═══ THE DATA ═══
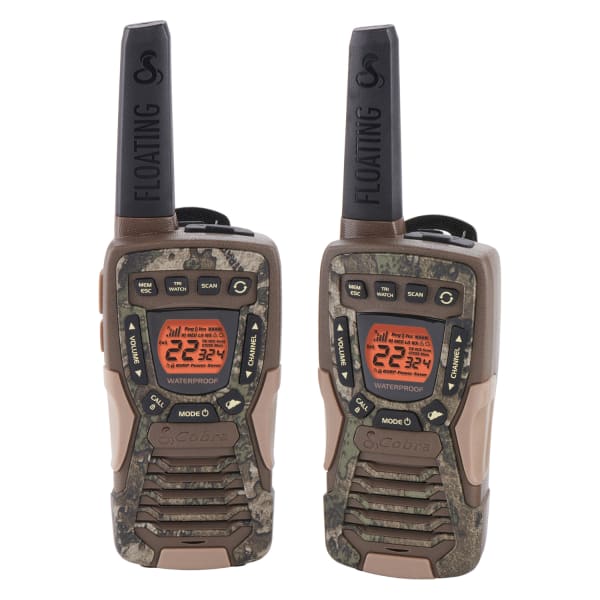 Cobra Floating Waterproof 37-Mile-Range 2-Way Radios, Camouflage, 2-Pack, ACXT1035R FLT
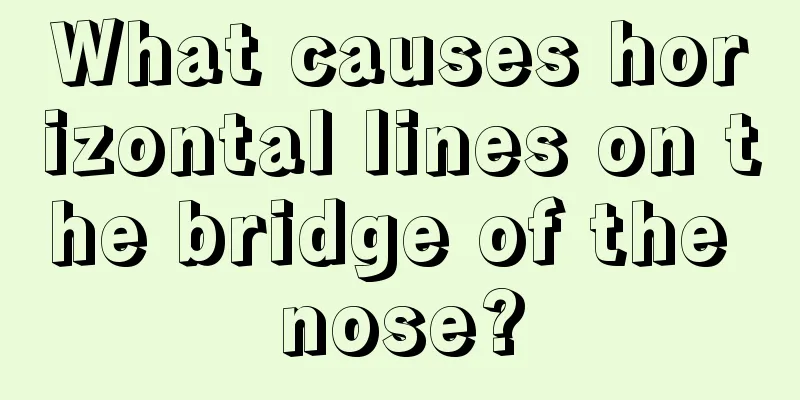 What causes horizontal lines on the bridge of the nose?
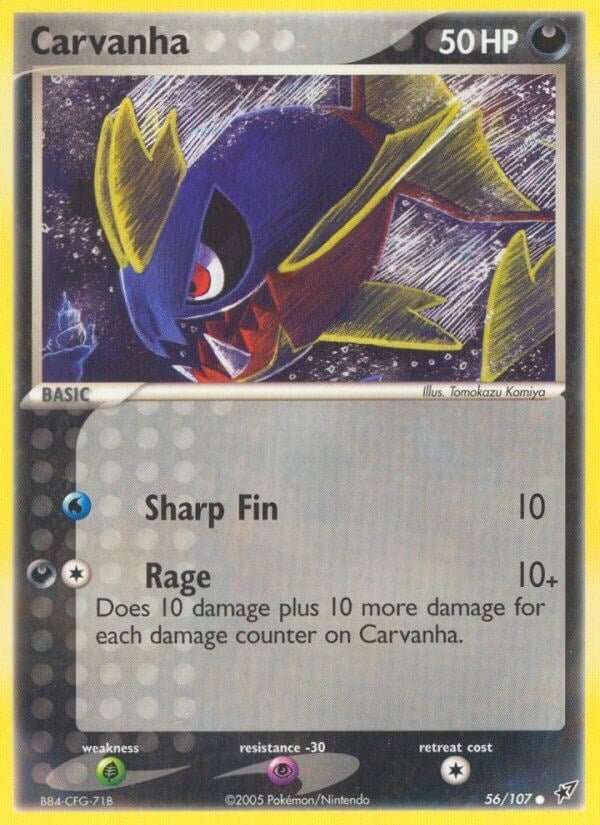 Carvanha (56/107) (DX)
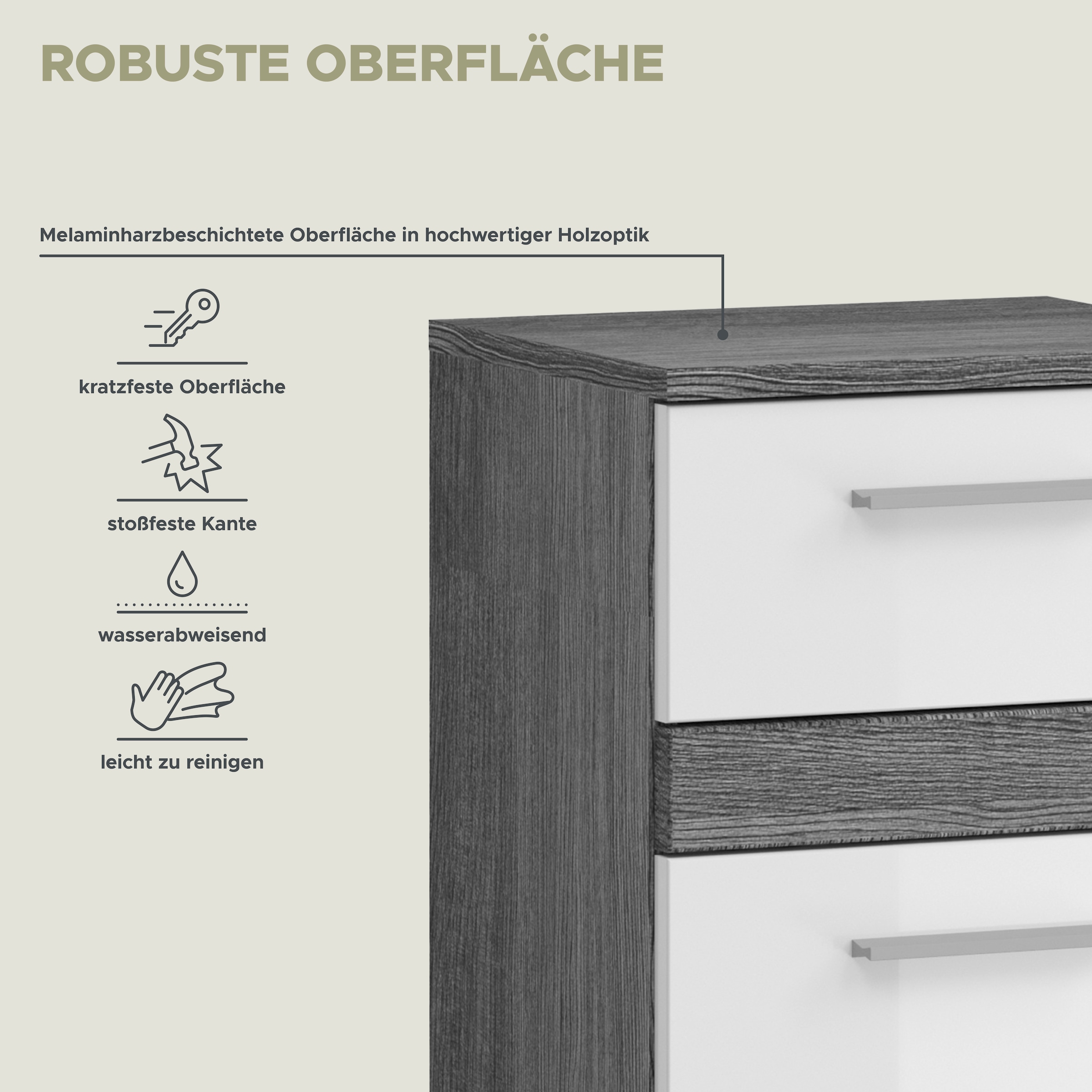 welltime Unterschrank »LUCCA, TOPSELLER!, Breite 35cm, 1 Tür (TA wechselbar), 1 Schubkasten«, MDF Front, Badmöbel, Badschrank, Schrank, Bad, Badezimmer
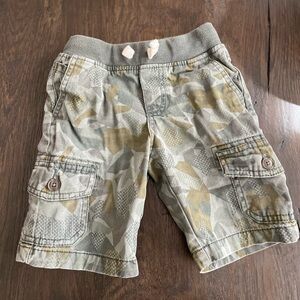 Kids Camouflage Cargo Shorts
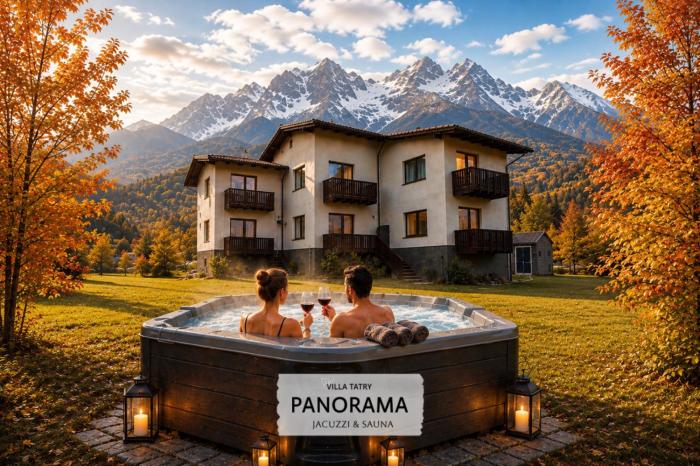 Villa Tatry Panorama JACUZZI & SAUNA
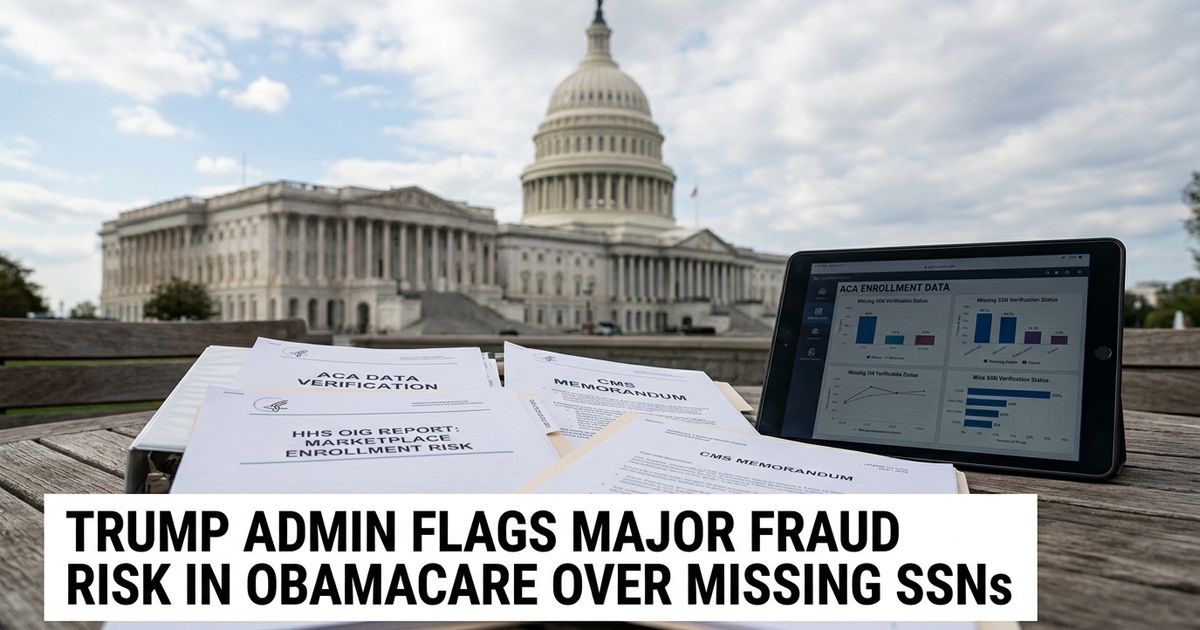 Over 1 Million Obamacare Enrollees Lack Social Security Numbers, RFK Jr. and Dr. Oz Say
═══
═══ THE DATA ═══
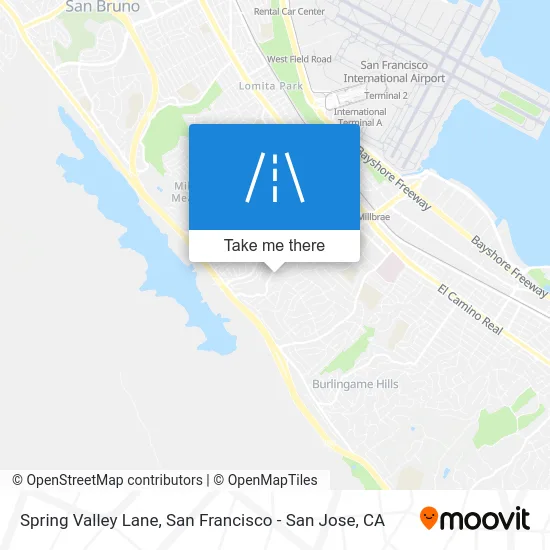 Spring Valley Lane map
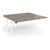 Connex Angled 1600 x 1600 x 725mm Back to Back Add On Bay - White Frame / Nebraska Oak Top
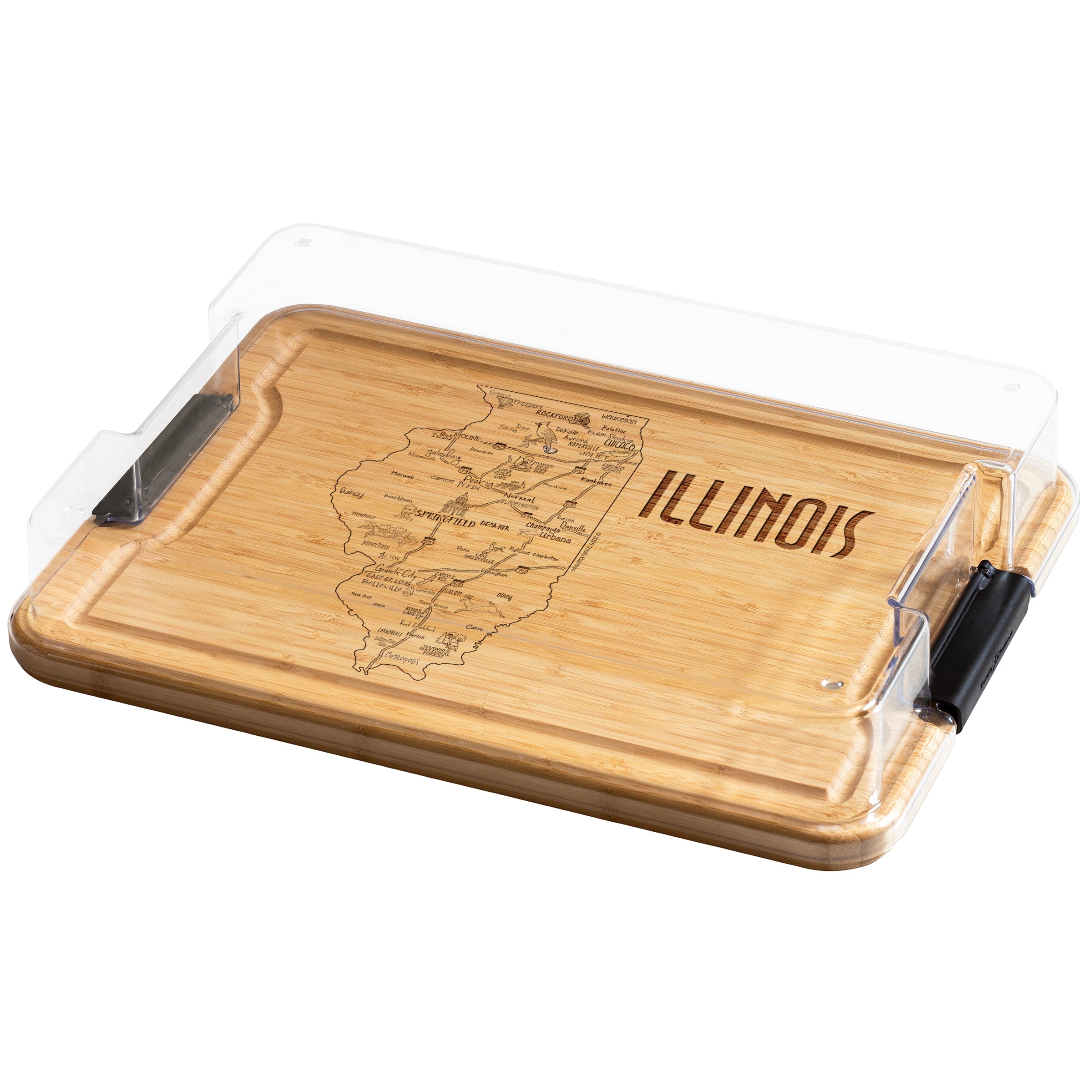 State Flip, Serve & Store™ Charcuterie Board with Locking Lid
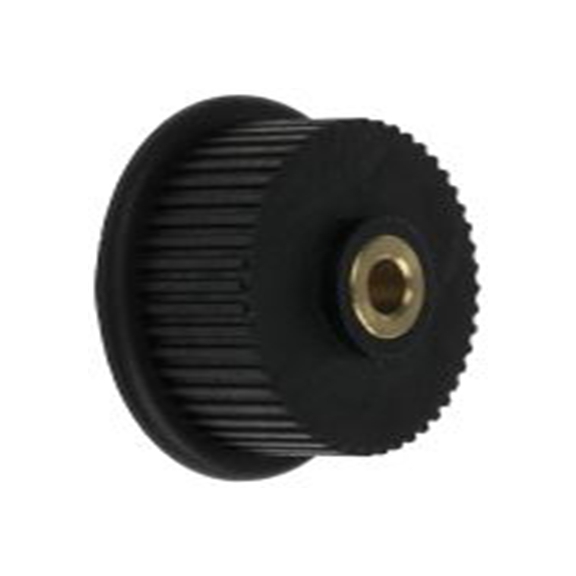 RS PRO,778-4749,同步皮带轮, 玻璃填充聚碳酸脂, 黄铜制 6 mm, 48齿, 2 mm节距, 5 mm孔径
═══
WHAT IS BEING ASKED: Above are some records. Reproduce the lines from the one with "Carvanha (56/107) (DX)" down to the one with "Over 1 Million", keeping both, and leave every picture out.

RESULT BELOW:
 Carvanha (56/107) (DX)
 welltime Unterschrank »LUCCA, TOPSELLER!, Breite 35cm, 1 Tür (TA wechselbar), 1 Schubkasten«, MDF Front, Badmöbel, Badschrank, Schrank, Bad, Badezimmer
 Kids Camouflage Cargo Shorts
 Villa Tatry Panorama JACUZZI & SAUNA
 Over 1 Million Obamacare Enrollees Lack Social Security Numbers, RFK Jr. and Dr. Oz Say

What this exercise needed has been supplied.